Sweden and Swedish interests are targets of ongoing, long-term and
systematic intelligence activities. Other countries have intelligence
officers posted here. Some of them are declared as such; they conduct
lawful intelligence activities and we cooperate with them. However, other intelligence officers are in Sweden under false pretences.

People walking in a street

They conduct unlawful intelligence activities; in other words, they try to obtain classified information that could harm national security or damage Sweden in contexts such as international negotiations. These officers often work undercover – masquerading as diplomats, journalists or businessmen.

Intelligence officers frequently use other people, i.e. agents, to obtain classified information from public agencies or companies. Those attempting to obtain classified information in order to hand it over to foreign powers are guilty of espionage, and tend to be commonly referred to as spies. Intelligence officers recruit agents that have or can gain access to confidential information of interest. Such an agent could be an employee or consultant involved in a security-sensitive activity in a Swedish company, a researcher at a Swedish university, or an employee in the Swedish Police or Armed Forces.

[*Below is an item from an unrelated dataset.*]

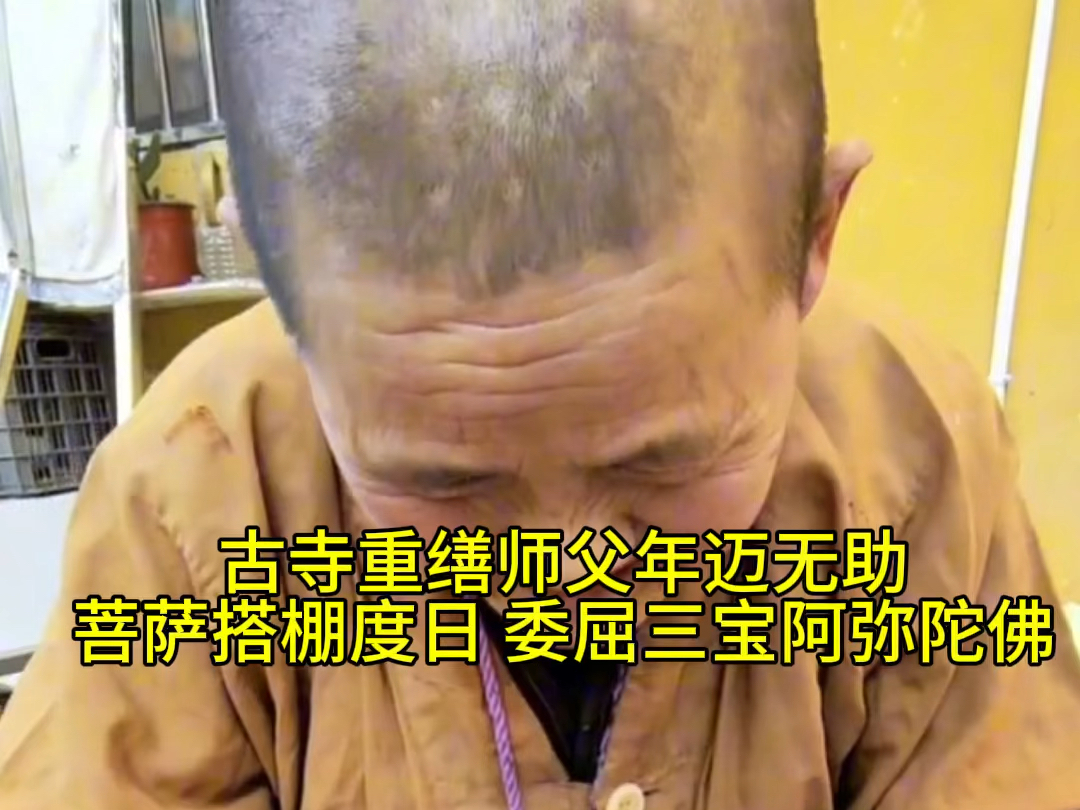 【念佛心rr16589】最新视频来袭,快来看看吧!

Lawful versus unlawful intelligence gathering

Lawful. Intelligence activities involve the gathering and processing of information with a view to using that information for a specific purpose. Intelligence activities are not unlawful per se.
Unlawful. Intelligence activities become unlawful when someone, acting on behalf of a foreign power, gathers information which could harm another state’s security if this information were to be disclosed. Intelligence activities also become unlawful when someone, on behalf of a foreign power, gathers information about the personal circumstances of others. For such intelligence activities, foreign powers may recruit individuals who already have, or may gain, access to information deemed to be of value.
Espionage is seeking to obtain sensitive or classified information of vital importance to national security with the aim of passing this information on to a foreign power.